Solenn Le Forestier est l’archéologue qui a extrait le buste de la fosse dans laquelle reposait la sculpture depuis plus de deux millénaires :
Elle était face contre terre, on ne voyait que la chevelure et les oreilles. Au moment de la retourner, nous ne nous attendions pas à ce que le visage soit intact. Ca a été un grand moment d’émotion et c’est sûrement la plus grande découverte de ma vie.
Un vase et des éléments métalliques corrodés, probablement des clous dont le plus grand mesure 18 cm, ont également été trouvés dans la fosse qui contenait le buste.
A seulement quelques mètres de ce qui devait être une chapelle familiale, un puits s’est lui aussi avéré contenir des trésors : plusieurs autres statues représentant vraisemblablement des ancêtres du défunt (signes d’une haute lignée), des pièces de bois tourné constituant des éléments de mobilier, un seau de puisage, une meule et un seau cerclé de bronze et décoré de motifs celtiques.
Des pièces de musée très rares
Cette dernière pièce, ainsi que le buste, constituent les deux découvertes majeures. Ce seau finement ouvragé est parfaitement conservé, du fait de l’humidité contenue au fond du puits. D’un diamètre de 20 cm, entouré d’une résille de bronze qui décore les côtés du seau, il devait figurer sur les tables de banquet et fournit un indice supplémentaire du haut rang social du maître des lieux à l’époque.

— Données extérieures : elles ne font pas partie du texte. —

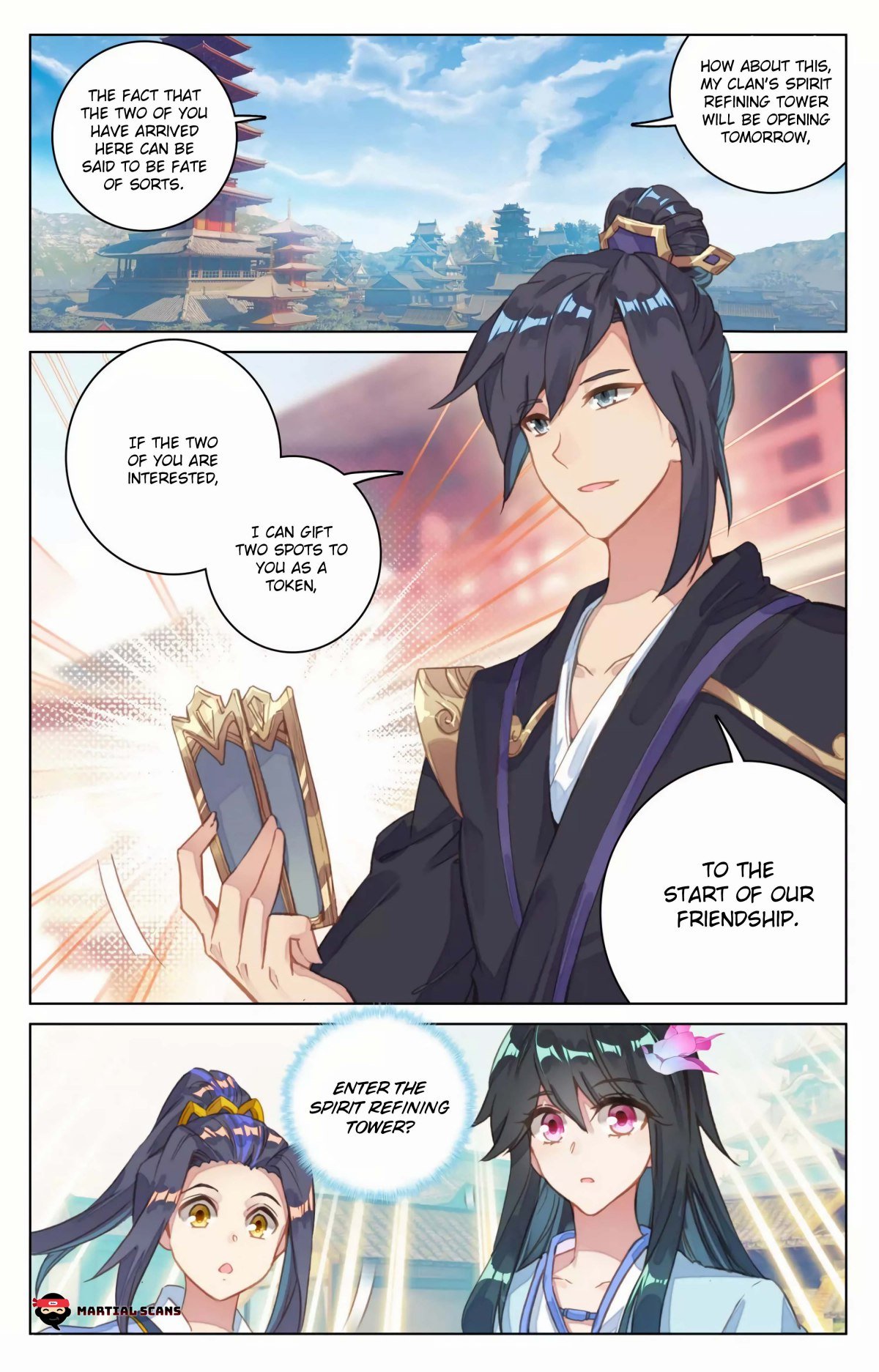 Yuan Zun - episode 198 - 7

Des seaux similaires ont déjà été découvert du sud de l’Angleterre à la Garonne et jusqu’au Luxembourg. Et des statues telles que le fameux buste ont été trouvées dans une quinzaine de lieux en France : à Saint-Potan, Yvignac ou encore Mauron en Bretagne, mais aussi à Nîmes et Alésia.
Mais deux fois seulement (la première fois à Paule, à 70 km !) une telle découverte a été faite dans un environnement archéologique préservé, ce qui permet aux scientifique de pousser beaucoup plus loin leurs investigations.
Et ce qui fait dire à Yves Menez, conservateur régional d’archéologie :
Ce sont des pièces de musée très rares, magnifiques, qui présentent un remarquable état de conservation. Il s’agit d’une découverte d’intérêt national, voire international. Le nom de Trémuson figurera désormais dans les manuels d’histoire : le seau en particulier est en effet une oeuvre majeure de l’art celtique. Et on l’a dans l’état où il était il y a 2000 ans !
Un magistrat ou un guerrier de la cité des Osismes
La ferme gauloise de Trémuson faisait partie de l’ancienne cité des Osismes qui s’étendait sur l’ensemble du Finistère, une partie des Côtes-d’Armor et du Morbihan. La zone résidentielle était située au coeur d’un vaste enclos délimité par un fossé monumental, autrefois bordé d’un talus.
Les objets mis au jour témoignent tous de l’évidente richesse des propriétaires. La céramique trouvée près du buste, par exemple, indique que les habitants consommaient du vin d’Italie puis d’Espagne. Les prélèvements effectués dans le puits permettront d’en apprendre encore davantage : des résidus de pollen permettront notamment de déterminer les espèces sauvages et cultivées à cet endroit par nos ancêtres les Gaulois.